#### WHAT YOU HAVE TO DO
The material below holds pictures, which are to be left out; copy exactly the lines from the one with "Clase Nº 4 PROBLEMA" through the one with "Beispielbild fr SAS".

#### SUPPLIED RECORDS
☆ ☆ ☆ ☆ ☆ ☆ ☆
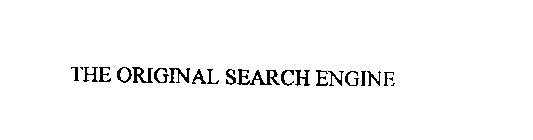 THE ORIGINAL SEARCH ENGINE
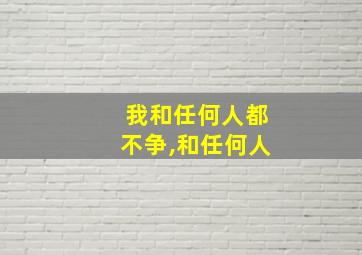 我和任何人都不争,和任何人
☆ ☆ ☆ ☆ ☆ ☆ ☆
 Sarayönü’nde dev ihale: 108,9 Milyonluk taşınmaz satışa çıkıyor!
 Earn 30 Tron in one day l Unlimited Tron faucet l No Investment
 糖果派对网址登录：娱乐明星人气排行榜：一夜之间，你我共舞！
☆ ☆ ☆ ☆ ☆ ☆ ☆
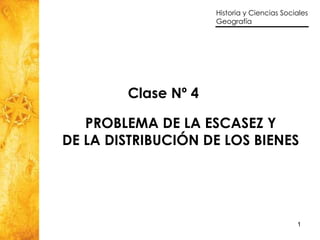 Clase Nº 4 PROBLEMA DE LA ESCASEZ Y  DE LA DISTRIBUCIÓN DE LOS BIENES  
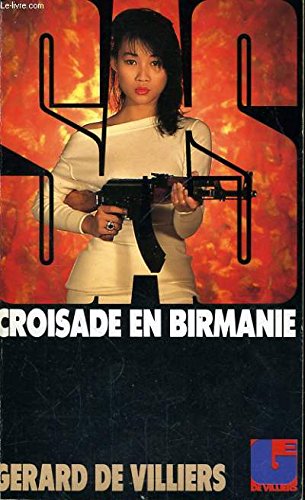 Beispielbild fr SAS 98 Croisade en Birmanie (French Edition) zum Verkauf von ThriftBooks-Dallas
☆ ☆ ☆ ☆ ☆ ☆ ☆
#### EXPECTED OUTPUT
 Clase Nº 4 PROBLEMA DE LA ESCASEZ Y  DE LA DISTRIBUCIÓN DE LOS BIENES  
 Beispielbild fr SAS 98 Croisade en Birmanie (French Edition) zum Verkauf von ThriftBooks-Dallas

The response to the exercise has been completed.